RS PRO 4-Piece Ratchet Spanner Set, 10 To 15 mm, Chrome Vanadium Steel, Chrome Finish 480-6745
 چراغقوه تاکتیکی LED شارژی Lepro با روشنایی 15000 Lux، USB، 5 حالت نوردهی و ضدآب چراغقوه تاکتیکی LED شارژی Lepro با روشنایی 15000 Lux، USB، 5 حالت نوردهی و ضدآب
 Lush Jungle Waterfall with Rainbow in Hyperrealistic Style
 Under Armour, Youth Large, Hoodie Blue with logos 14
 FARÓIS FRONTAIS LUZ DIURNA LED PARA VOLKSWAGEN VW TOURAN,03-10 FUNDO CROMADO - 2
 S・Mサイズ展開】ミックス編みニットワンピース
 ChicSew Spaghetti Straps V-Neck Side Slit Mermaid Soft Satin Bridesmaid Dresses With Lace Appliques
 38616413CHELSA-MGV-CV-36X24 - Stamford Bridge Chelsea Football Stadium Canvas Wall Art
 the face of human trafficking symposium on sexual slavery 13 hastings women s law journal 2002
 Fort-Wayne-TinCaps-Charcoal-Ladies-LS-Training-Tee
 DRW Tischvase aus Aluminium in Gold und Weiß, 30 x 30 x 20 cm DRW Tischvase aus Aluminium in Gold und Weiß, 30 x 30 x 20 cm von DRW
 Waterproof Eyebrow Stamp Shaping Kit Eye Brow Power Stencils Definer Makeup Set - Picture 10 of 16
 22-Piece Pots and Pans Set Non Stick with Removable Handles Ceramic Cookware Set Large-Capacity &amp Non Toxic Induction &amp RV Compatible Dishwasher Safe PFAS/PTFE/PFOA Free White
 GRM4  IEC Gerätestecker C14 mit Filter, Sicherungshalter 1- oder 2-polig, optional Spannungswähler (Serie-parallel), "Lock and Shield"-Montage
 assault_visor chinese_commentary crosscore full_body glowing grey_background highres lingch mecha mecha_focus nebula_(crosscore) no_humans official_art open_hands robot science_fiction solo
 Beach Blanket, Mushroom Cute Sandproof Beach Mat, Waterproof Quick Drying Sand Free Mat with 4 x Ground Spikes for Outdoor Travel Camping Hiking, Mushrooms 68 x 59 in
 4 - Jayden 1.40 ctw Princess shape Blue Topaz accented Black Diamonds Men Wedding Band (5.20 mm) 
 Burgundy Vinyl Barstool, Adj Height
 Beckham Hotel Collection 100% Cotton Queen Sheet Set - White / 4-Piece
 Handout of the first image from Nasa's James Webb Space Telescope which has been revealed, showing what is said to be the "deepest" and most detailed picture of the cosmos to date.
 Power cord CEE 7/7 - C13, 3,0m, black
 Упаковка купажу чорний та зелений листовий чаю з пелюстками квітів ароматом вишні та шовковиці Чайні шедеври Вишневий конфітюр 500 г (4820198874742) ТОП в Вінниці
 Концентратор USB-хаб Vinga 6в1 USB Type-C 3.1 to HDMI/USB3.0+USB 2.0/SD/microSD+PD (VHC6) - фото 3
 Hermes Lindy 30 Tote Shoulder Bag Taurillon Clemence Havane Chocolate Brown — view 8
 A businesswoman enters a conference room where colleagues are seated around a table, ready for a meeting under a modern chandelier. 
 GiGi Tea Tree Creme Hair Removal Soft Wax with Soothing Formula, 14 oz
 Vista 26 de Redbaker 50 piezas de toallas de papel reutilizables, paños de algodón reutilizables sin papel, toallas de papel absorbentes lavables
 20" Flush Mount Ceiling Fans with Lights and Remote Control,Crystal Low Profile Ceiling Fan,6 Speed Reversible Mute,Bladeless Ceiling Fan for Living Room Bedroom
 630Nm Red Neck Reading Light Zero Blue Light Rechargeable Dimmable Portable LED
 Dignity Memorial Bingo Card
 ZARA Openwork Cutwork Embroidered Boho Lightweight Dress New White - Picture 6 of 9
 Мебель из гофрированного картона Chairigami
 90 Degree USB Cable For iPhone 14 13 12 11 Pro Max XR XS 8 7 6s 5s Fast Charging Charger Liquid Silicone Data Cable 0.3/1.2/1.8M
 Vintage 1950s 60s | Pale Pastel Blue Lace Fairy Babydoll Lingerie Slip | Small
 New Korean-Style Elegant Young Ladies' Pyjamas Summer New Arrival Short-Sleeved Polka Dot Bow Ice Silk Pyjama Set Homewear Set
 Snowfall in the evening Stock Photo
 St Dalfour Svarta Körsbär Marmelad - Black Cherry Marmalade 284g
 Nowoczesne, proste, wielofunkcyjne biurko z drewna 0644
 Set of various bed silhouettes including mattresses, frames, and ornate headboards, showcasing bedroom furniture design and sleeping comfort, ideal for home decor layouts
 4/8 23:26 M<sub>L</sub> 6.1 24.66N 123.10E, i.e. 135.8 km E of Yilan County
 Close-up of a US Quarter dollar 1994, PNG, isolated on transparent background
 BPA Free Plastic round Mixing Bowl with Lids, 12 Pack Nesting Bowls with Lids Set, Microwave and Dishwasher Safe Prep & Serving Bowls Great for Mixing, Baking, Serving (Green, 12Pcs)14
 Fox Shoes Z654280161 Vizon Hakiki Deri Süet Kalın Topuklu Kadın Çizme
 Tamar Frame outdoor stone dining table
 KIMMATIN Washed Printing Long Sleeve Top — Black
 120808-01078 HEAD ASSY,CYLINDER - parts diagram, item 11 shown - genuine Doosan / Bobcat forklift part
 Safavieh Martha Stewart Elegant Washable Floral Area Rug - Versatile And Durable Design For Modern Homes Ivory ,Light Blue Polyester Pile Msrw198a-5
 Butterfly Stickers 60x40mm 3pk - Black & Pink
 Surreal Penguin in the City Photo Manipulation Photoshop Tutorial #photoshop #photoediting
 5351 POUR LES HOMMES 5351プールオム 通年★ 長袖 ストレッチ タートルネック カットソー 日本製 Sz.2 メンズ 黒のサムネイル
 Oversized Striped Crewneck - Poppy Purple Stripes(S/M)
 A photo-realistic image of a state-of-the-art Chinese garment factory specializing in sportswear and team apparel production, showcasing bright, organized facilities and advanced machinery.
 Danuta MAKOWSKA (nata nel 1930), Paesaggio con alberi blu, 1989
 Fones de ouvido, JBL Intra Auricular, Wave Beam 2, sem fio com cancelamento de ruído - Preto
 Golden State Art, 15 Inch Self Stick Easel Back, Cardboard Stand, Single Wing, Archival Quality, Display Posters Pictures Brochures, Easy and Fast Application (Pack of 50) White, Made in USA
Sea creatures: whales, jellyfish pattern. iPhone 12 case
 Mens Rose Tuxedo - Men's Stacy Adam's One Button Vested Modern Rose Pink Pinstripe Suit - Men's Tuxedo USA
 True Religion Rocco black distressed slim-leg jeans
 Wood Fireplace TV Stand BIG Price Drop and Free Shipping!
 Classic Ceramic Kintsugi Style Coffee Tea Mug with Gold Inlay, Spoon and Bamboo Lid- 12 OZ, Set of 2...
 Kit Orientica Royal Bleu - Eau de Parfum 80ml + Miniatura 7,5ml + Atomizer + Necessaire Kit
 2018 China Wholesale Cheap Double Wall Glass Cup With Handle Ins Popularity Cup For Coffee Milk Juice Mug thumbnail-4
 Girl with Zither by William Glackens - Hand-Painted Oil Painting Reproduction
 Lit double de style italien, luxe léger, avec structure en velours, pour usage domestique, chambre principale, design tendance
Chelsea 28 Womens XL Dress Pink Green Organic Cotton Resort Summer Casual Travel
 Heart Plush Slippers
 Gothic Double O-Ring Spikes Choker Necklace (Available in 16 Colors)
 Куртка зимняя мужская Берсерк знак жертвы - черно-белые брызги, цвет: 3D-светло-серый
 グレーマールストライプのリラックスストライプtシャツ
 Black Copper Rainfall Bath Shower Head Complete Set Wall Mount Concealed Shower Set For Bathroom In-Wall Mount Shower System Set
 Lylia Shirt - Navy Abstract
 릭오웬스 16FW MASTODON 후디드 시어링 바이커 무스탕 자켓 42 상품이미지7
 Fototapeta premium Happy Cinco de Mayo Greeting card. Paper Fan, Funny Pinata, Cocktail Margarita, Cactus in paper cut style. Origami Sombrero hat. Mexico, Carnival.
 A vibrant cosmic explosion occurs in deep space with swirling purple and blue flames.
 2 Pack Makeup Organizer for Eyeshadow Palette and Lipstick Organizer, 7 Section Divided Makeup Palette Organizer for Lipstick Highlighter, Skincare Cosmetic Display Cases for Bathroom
-------------------------
Look above for the line holding "Oversized Striped Crewneck". Print it and every line after it, exactly, through the line holding "Fones de ouvido, JBL".

Finished task
 Oversized Striped Crewneck - Poppy Purple Stripes(S/M)
 A photo-realistic image of a state-of-the-art Chinese garment factory specializing in sportswear and team apparel production, showcasing bright, organized facilities and advanced machinery.
 Danuta MAKOWSKA (nata nel 1930), Paesaggio con alberi blu, 1989
 Fones de ouvido, JBL Intra Auricular, Wave Beam 2, sem fio com cancelamento de ruído - Preto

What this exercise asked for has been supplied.